[TASK PROMPT]: Copy out each line from the start of the material below until the line with "A spacious restaurant", that line included.

[DATASET CONTENT]:
····················

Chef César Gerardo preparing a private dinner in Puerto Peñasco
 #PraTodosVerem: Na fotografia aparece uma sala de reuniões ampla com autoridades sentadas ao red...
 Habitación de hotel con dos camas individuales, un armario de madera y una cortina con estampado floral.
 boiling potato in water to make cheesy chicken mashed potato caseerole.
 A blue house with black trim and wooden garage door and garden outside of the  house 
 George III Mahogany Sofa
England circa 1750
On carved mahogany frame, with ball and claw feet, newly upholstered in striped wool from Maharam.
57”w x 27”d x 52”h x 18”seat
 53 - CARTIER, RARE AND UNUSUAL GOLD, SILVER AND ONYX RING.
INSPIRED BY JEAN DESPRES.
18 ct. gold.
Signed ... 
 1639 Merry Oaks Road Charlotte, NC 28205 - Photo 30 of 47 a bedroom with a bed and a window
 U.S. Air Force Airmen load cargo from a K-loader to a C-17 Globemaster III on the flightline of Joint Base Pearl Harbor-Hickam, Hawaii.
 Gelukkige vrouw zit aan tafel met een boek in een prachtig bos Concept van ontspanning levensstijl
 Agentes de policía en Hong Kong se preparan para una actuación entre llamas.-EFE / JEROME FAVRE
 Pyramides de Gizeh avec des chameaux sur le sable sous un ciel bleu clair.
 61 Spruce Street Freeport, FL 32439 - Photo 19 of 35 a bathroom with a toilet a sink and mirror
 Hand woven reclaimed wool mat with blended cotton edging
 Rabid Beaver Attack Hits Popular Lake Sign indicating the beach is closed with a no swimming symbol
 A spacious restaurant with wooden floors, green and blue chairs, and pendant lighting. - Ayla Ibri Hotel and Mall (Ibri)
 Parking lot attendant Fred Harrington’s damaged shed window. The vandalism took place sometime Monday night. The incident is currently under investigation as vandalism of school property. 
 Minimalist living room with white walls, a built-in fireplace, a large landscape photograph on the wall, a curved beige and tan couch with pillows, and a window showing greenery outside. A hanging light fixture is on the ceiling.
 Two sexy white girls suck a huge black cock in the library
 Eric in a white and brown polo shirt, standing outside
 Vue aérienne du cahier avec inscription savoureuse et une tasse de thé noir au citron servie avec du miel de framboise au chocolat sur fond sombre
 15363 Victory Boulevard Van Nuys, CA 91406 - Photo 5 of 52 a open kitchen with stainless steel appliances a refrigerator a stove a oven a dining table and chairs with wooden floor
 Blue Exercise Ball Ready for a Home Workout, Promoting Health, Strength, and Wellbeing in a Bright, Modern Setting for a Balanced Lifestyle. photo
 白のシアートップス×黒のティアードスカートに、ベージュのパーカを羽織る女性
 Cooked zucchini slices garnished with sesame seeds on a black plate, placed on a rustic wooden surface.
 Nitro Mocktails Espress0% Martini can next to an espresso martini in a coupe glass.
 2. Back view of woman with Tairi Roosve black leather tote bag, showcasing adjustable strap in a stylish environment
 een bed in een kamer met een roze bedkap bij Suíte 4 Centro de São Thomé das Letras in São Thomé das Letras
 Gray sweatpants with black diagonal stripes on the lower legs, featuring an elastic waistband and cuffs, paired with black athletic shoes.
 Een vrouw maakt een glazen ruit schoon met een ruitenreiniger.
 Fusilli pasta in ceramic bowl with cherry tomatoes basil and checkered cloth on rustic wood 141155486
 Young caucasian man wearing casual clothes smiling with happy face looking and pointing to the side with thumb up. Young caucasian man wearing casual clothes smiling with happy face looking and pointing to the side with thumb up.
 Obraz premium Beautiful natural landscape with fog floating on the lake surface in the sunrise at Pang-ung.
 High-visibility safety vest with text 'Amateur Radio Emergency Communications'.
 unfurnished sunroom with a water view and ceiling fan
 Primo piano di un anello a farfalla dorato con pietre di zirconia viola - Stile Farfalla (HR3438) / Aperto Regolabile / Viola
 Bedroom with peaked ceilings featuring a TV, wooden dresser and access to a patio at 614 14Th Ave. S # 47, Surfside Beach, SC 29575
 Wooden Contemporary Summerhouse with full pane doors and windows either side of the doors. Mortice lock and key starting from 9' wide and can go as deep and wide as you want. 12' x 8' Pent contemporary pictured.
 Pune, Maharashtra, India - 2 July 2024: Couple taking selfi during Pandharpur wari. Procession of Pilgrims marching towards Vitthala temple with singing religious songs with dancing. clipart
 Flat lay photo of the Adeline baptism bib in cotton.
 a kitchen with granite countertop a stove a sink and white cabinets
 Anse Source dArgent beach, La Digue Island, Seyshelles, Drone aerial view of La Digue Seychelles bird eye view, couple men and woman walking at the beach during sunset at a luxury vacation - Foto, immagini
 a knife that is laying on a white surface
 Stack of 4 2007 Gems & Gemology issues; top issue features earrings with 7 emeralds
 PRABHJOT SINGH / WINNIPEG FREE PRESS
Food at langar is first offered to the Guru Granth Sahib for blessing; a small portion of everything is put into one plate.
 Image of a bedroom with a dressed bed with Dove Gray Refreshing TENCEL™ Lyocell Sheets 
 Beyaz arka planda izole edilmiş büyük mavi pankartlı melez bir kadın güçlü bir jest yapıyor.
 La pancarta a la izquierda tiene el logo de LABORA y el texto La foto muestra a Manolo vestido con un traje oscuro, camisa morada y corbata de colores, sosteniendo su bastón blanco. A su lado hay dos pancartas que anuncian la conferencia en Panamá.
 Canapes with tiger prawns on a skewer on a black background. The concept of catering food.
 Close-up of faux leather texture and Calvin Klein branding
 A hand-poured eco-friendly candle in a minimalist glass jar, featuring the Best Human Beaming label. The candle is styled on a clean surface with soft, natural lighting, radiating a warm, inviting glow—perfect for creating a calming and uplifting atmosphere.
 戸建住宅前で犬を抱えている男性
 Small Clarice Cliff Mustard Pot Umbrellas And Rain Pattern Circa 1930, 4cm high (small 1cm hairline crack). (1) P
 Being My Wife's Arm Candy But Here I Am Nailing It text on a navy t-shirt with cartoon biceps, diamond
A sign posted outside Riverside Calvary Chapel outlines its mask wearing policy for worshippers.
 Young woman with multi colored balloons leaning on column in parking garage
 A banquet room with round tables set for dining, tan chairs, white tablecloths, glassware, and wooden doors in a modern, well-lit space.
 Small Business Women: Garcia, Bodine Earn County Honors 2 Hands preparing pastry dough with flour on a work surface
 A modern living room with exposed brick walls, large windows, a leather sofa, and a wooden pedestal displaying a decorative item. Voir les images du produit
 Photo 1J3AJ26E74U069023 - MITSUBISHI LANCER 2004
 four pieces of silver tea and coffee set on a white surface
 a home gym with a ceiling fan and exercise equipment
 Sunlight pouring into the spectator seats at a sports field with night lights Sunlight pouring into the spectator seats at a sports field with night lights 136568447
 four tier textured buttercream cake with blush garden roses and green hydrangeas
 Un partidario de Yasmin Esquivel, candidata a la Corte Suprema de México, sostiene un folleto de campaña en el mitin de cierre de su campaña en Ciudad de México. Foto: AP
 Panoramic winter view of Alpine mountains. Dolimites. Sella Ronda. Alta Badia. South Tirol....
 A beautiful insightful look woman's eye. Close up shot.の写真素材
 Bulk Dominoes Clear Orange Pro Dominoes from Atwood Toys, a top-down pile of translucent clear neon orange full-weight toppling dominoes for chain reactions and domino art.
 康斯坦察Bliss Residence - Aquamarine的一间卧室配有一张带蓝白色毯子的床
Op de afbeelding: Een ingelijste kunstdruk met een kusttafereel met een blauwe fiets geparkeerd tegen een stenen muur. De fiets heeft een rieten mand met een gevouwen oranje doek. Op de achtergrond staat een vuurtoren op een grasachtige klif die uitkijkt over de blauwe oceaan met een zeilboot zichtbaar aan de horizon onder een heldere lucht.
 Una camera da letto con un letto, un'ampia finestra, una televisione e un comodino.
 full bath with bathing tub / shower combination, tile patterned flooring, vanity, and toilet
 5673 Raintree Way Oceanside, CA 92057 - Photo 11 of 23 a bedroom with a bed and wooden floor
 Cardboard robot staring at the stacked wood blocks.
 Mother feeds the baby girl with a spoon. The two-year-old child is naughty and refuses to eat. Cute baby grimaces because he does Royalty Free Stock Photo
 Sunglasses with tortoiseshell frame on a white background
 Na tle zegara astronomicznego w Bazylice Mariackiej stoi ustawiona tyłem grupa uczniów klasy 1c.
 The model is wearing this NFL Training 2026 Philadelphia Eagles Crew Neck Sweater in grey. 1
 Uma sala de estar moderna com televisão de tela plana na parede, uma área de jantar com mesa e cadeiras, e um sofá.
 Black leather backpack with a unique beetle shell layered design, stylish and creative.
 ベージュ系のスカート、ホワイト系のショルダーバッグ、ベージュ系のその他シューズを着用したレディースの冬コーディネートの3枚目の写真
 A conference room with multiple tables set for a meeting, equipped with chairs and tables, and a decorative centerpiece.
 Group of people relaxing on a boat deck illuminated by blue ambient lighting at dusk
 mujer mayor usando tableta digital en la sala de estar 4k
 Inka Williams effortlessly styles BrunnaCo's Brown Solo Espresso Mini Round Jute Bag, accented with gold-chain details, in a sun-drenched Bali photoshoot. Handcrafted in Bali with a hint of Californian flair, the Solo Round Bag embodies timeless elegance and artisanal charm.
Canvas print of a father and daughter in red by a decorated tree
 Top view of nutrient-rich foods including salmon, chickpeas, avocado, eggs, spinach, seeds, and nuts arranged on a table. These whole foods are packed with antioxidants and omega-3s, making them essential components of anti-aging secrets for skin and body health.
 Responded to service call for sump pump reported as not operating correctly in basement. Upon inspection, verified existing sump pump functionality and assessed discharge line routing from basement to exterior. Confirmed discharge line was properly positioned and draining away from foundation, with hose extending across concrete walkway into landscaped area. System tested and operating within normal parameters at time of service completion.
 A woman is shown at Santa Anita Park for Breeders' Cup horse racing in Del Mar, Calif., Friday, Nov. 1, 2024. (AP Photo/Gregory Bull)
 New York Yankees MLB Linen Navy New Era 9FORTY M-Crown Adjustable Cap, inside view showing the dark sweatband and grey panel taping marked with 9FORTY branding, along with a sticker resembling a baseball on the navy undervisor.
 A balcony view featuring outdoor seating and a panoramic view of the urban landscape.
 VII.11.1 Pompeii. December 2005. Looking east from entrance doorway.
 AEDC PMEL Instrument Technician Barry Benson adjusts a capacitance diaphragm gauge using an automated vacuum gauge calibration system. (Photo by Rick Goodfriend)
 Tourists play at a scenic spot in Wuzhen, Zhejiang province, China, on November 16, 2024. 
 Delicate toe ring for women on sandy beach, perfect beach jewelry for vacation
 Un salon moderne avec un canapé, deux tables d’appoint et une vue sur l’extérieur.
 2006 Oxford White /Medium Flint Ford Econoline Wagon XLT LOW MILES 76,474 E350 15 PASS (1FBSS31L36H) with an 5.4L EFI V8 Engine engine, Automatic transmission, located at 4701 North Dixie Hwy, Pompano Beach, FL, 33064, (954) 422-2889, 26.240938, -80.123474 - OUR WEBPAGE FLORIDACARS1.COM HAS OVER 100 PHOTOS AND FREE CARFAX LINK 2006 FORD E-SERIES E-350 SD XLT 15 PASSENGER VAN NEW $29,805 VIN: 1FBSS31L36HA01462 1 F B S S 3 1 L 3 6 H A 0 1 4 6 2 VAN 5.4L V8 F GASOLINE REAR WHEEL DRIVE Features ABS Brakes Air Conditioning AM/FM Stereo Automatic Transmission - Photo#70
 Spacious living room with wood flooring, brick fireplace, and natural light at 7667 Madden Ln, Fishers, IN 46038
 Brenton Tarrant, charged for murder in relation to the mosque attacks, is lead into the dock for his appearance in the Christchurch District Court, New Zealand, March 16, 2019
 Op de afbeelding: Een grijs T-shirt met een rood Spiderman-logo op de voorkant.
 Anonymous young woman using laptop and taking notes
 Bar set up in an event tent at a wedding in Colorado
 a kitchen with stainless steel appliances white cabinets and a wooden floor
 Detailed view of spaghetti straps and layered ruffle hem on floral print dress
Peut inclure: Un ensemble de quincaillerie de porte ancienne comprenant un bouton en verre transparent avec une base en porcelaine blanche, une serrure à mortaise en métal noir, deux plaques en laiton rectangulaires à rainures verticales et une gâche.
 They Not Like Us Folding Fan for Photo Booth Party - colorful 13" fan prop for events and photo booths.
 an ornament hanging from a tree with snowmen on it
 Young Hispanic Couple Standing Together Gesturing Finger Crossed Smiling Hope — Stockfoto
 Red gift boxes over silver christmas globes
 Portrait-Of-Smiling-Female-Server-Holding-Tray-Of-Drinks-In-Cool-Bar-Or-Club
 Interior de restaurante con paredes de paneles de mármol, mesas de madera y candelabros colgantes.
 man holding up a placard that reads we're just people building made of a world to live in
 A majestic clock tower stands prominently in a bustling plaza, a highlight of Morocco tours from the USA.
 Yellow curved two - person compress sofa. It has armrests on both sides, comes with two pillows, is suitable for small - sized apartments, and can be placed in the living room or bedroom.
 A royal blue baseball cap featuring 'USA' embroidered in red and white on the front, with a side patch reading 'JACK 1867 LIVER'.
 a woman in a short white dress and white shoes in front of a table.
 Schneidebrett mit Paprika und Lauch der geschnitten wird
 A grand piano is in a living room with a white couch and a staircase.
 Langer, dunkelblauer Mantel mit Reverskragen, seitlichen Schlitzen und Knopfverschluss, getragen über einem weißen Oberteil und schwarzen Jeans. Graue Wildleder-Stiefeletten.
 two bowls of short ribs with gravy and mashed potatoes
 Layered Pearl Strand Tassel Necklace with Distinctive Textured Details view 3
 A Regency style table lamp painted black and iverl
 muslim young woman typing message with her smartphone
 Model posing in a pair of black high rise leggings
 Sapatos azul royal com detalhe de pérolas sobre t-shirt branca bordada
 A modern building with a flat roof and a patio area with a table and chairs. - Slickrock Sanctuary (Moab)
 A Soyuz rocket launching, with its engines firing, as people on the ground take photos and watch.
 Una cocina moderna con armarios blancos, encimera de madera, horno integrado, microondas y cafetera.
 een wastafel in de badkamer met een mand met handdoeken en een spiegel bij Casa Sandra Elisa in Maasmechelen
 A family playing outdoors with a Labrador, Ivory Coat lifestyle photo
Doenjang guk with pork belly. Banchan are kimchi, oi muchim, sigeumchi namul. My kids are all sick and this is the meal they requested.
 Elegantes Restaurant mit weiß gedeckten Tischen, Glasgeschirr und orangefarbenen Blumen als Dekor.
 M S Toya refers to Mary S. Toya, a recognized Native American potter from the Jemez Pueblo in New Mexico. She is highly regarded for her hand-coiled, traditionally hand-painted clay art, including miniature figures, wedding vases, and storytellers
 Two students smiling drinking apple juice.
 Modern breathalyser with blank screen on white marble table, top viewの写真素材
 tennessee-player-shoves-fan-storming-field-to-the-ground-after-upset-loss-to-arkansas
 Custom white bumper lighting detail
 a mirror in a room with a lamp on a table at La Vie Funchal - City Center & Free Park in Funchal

····················

[WRITTEN RESPONSE]:
Chef César Gerardo preparing a private dinner in Puerto Peñasco
 #PraTodosVerem: Na fotografia aparece uma sala de reuniões ampla com autoridades sentadas ao red...
 Habitación de hotel con dos camas individuales, un armario de madera y una cortina con estampado floral.
 boiling potato in water to make cheesy chicken mashed potato caseerole.
 A blue house with black trim and wooden garage door and garden outside of the  house 
 George III Mahogany Sofa
England circa 1750
On carved mahogany frame, with ball and claw feet, newly upholstered in striped wool from Maharam.
57”w x 27”d x 52”h x 18”seat
 53 - CARTIER, RARE AND UNUSUAL GOLD, SILVER AND ONYX RING.
INSPIRED BY JEAN DESPRES.
18 ct. gold.
Signed ... 
 1639 Merry Oaks Road Charlotte, NC 28205 - Photo 30 of 47 a bedroom with a bed and a window
 U.S. Air Force Airmen load cargo from a K-loader to a C-17 Globemaster III on the flightline of Joint Base Pearl Harbor-Hickam, Hawaii.
 Gelukkige vrouw zit aan tafel met een boek in een prachtig bos Concept van ontspanning levensstijl
 Agentes de policía en Hong Kong se preparan para una actuación entre llamas.-EFE / JEROME FAVRE
 Pyramides de Gizeh avec des chameaux sur le sable sous un ciel bleu clair.
 61 Spruce Street Freeport, FL 32439 - Photo 19 of 35 a bathroom with a toilet a sink and mirror
 Hand woven reclaimed wool mat with blended cotton edging
 Rabid Beaver Attack Hits Popular Lake Sign indicating the beach is closed with a no swimming symbol
 A spacious restaurant with wooden floors, green and blue chairs, and pendant lighting. - Ayla Ibri Hotel and Mall (Ibri)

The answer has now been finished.